### WORK INSTRUCTIONS
What is needed is an exact copy of the records, with the images left out.

Start of DATA FOR ANALYSIS

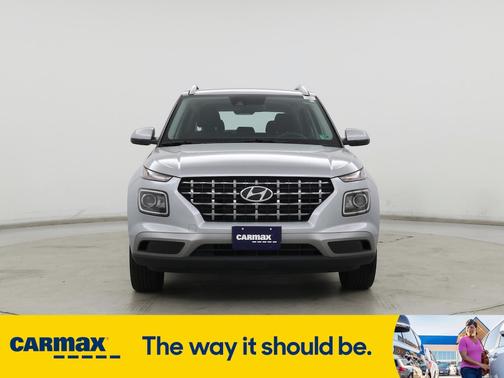 2022 Hyundai VENUE SEL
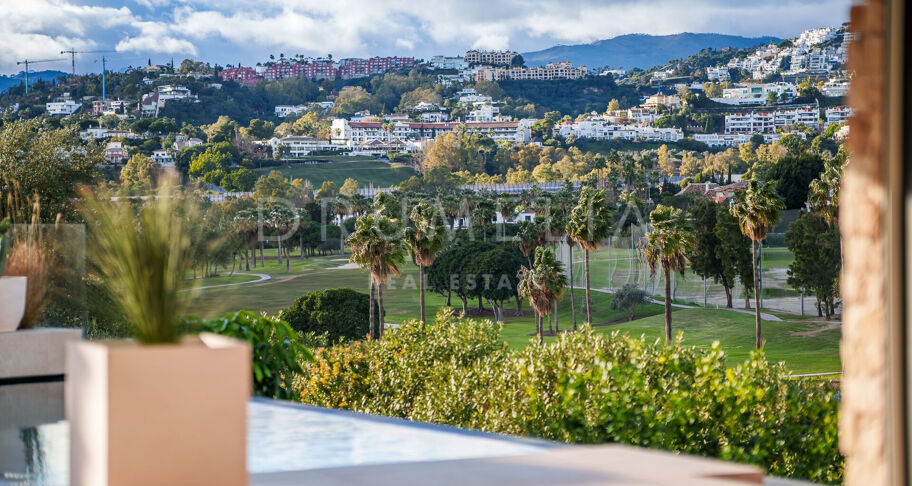 Hedendaagse villa aan de frontlinie van de golfbaan met panoramisch uitzicht in Los Naranjos, Nueva Andalucía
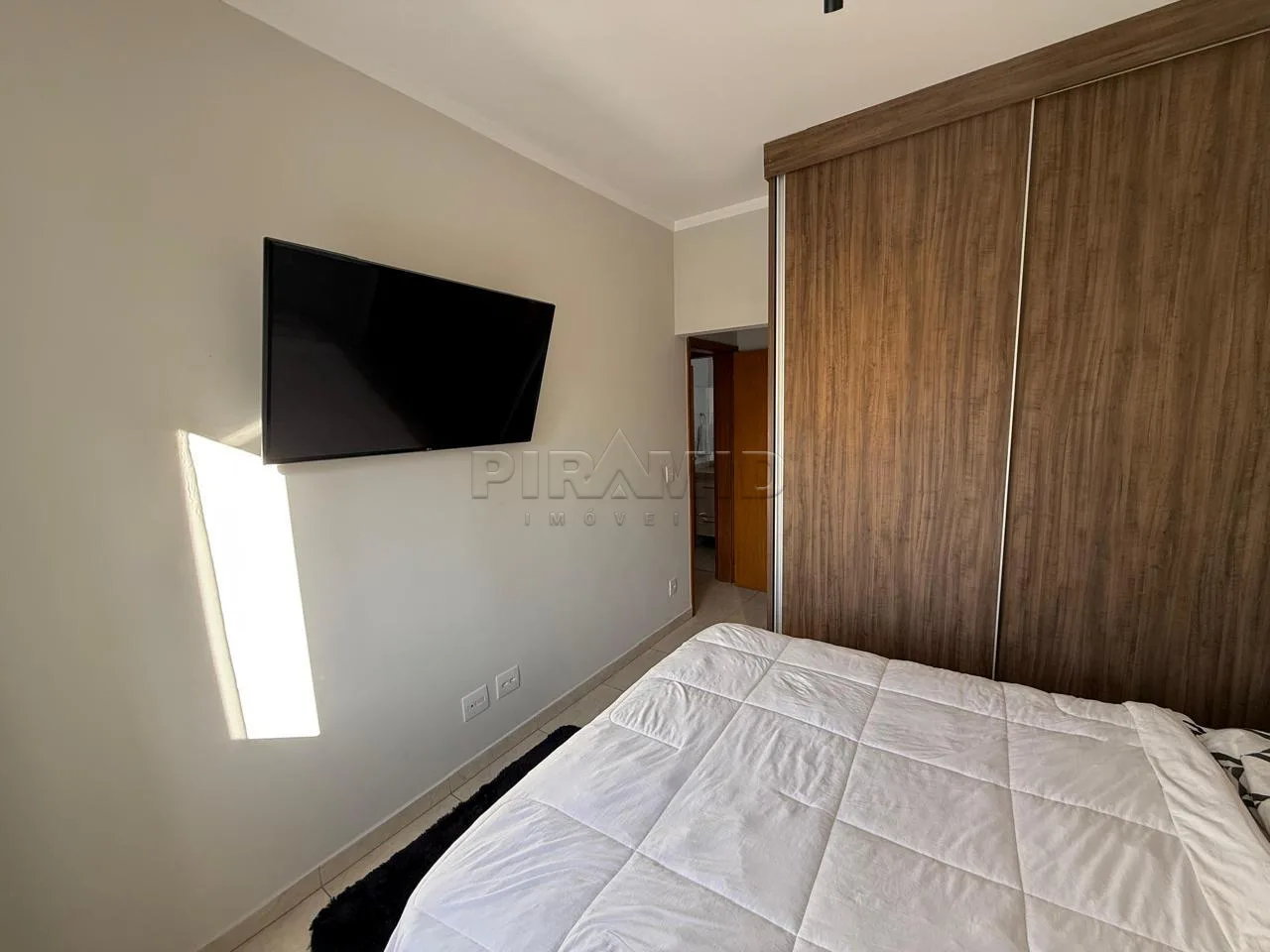 Comprar Apartamento / Padr&atilde;o em Ribeir&atilde;o Preto R$ 450.000,00 - Foto 5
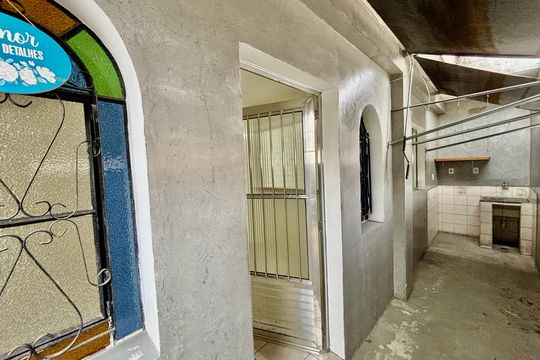 Área de serviço  de casa para alugar com 1 quarto, 55m² em Jardim Danfer, São Paulo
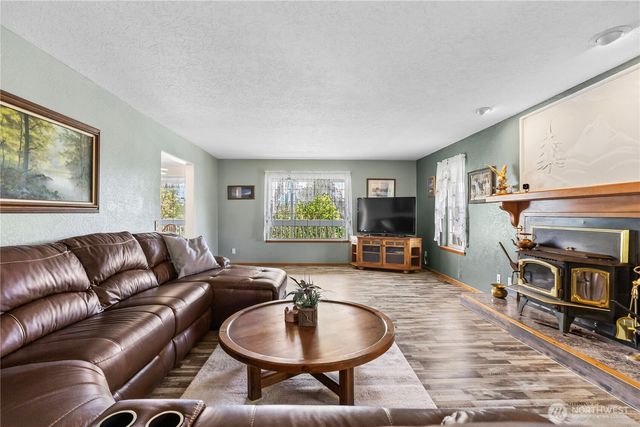 103 W Little Island Road, Cathlamet, WA 98612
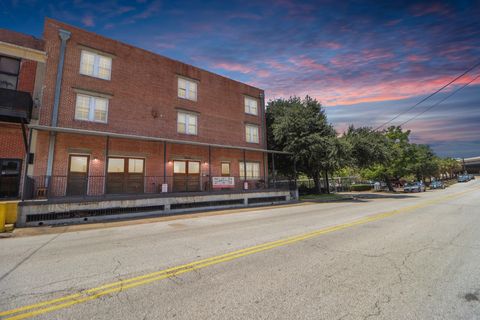 Photo of 1011 Wood Street #201, Houston, TX 77002 (MLS # 24426639)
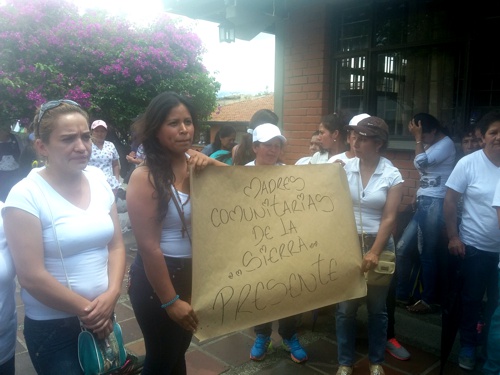Madres comunitarias de Popayán en paro nacional por inconformidades con el Gobierno Madres comunitarias de Popayán en paro nacional por inconformidades con el Gobierno1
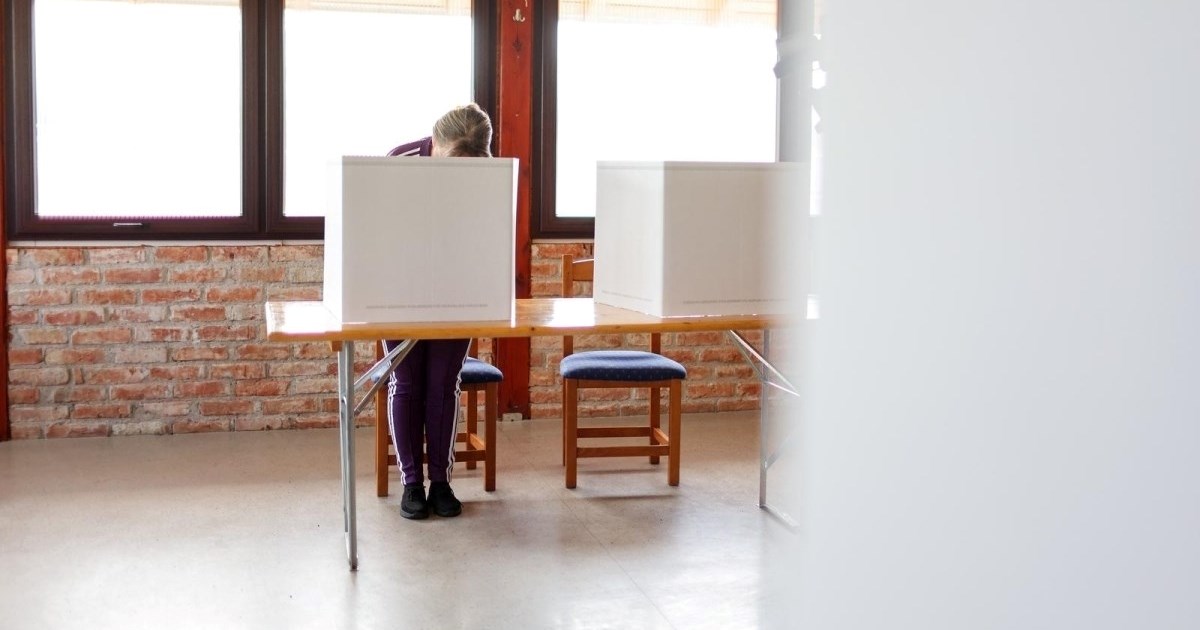 Kandidat cijeli dan stoji kod birališta. "Čovjek nije plakat, ne možemo ga maknuti"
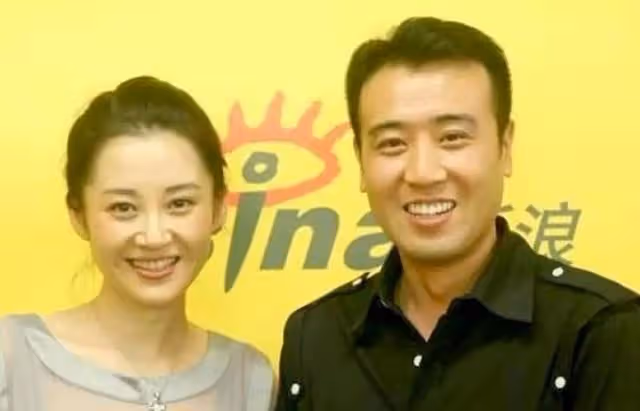 於和偉：吃大姐母乳長大，五姐供他讀大學.成名後給姐姐們買房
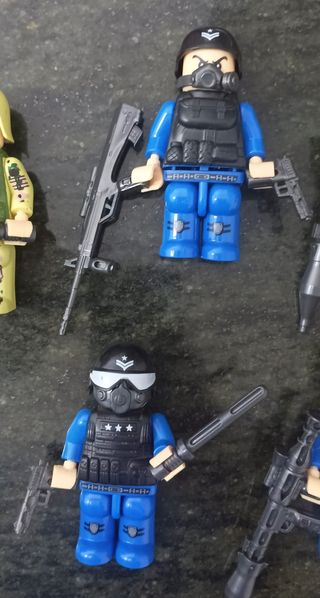 Pack Figuras Lego Policía y Ejército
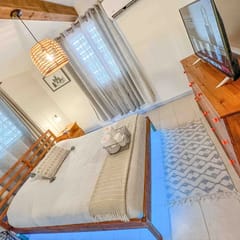 3.8 Near Beach • Generator • Hammock • 2nd floor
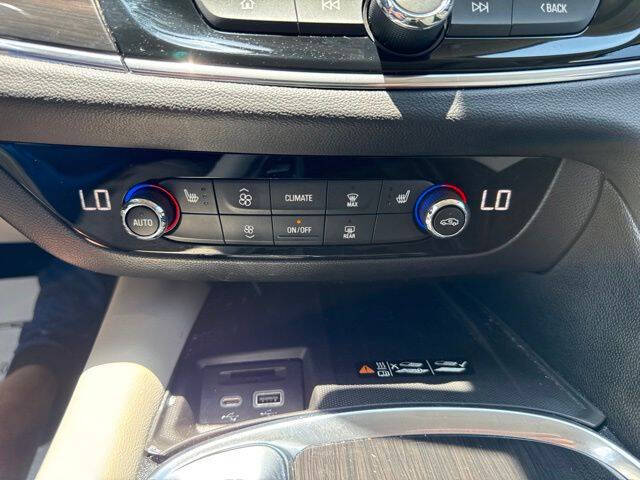 2024 Buick Enclave Essence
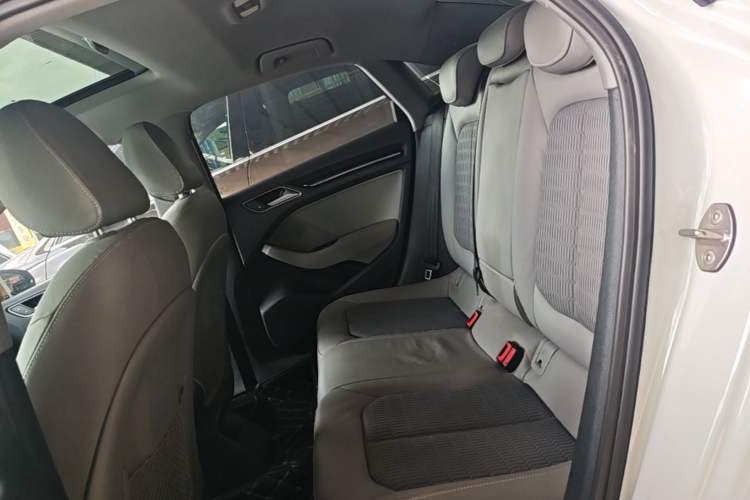 Used Audi A3 2020 Limousine 35 TFSI Fashion Edition China VI Emission Standard Left Rear Seat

End of DATA FOR ANALYSIS

### EXERCISE RESULT
 2022 Hyundai VENUE SEL
 Hedendaagse villa aan de frontlinie van de golfbaan met panoramisch uitzicht in Los Naranjos, Nueva Andalucía
 Comprar Apartamento / Padr&atilde;o em Ribeir&atilde;o Preto R$ 450.000,00 - Foto 5
 Área de serviço  de casa para alugar com 1 quarto, 55m² em Jardim Danfer, São Paulo
 103 W Little Island Road, Cathlamet, WA 98612
 Photo of 1011 Wood Street #201, Houston, TX 77002 (MLS # 24426639)
Madres comunitarias de Popayán en paro nacional por inconformidades con el Gobierno Madres comunitarias de Popayán en paro nacional por inconformidades con el Gobierno1
 Kandidat cijeli dan stoji kod birališta. "Čovjek nije plakat, ne možemo ga maknuti"
 於和偉：吃大姐母乳長大，五姐供他讀大學.成名後給姐姐們買房
 Pack Figuras Lego Policía y Ejército
 3.8 Near Beach • Generator • Hammock • 2nd floor
 2024 Buick Enclave Essence
 Used Audi A3 2020 Limousine 35 TFSI Fashion Edition China VI Emission Standard Left Rear Seat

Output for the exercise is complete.